Cases - Pugh v Howells
Record details
- Name
- Pugh v Howells
- Date
- [1984]
- Citation
- 48 P&CR 298
- Legislation
-
- Supreme Court Act 1981
- County Courts Act 1984
- Keywords
- Rights of light - infringement - extent to which the defendant's conduct should be taken into account to decide whether to grant an injunction or award damages - injunction - whether a mandatory injunction should be granted
- Summary
-
The plaintiffs and defendants owned adjoining properties. In 1981, the defendants obtained planning permission to build an extension to their property. The plaintiffs objected to the planning application and thereafter wrote stating that the extension would infringe their rights of light and that, if the defendants went ahead, they would have no alternative but to apply for an injunction. The following year, the defendants were advised by a chartered surveyor that the proposed extension would interfere with the plaintiffs' right of light to their kitchen. In April 1983, the plaintiffs noticed that the defendants were pulling down a lean-to and their solicitors therefore wrote to the defendants asking them to disclose any plans. The defendants made an unhelpful reply. A further letter sent to the defendants by recorded delivery was returned by the defendants marked 'not accepted'. Before the plaintiffs could take further action, there was a bank holiday weekend. During this weekend, the defendants' builders returned and built the extension up to roof level. Immediately thereafter, the plaintiffs started court proceedings, claiming a mandatory injunction requiring the defendants to take down the extension so that it did not interfere with their rights of light. The judge held that although there was an actionable nuisance, damages would be a more appropriate remedy. The plaintiffs appealed.

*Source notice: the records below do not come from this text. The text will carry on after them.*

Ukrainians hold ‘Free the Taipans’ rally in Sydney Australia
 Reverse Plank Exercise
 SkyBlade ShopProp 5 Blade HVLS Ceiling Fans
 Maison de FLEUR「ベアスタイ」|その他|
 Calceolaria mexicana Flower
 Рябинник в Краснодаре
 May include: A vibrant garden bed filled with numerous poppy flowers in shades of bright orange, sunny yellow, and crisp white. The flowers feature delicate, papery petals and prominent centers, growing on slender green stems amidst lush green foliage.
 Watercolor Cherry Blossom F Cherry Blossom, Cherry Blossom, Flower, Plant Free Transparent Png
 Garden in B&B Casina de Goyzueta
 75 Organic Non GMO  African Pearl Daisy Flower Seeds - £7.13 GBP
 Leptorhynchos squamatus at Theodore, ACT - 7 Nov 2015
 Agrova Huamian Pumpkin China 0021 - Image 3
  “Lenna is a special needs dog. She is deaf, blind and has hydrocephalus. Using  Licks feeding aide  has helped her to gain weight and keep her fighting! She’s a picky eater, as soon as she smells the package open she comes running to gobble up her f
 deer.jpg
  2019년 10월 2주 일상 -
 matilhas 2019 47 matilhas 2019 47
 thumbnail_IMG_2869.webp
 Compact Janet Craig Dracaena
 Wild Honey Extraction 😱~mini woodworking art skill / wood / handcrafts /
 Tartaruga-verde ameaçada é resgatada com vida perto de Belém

The Court of Appeal reversed the judge's decision, granting the plaintiffs a mandatory injunction. It referred to the House of Lords' decision in Shelfer, saying that a court needed not just to look at the working rule, but also what the House of Lords had said about the conduct of the parties. It was clear in this case that, where the defendants had been warned more than once that what they were doing would be resisted by an application to court, wherein spite of the warnings and in spite of advice from their own surveyor, they carried on and took the risk of building, they could not complain if the result was that they were ordered to pull down part of the building. The Court of Appeal considered that the plaintiffs' conduct was perfectly reasonable: as soon as they saw the lean-to coming down, they asked for information. However, the defendants acted unreasonably and high-handedly: their response to the first letter was unhelpful, they refused to accept delivery of the second letter and they went ahead with the work over a bank holiday weekend, leaving the strong impression that they were hurrying on with the work to try to achieve a fait accompli before the plaintiffs could challenge them in court. In addition, the defendants had not satisfied the working rule in Shelfer. The injury was not small, it was difficult to say that it could adequately be compensated in damages and, having regard to the conduct of the defendants, it would not be oppressive to grant an injunction. A mandatory injunction was therefore awarded requiring the defendants to remove the part of the extension above ground floor level.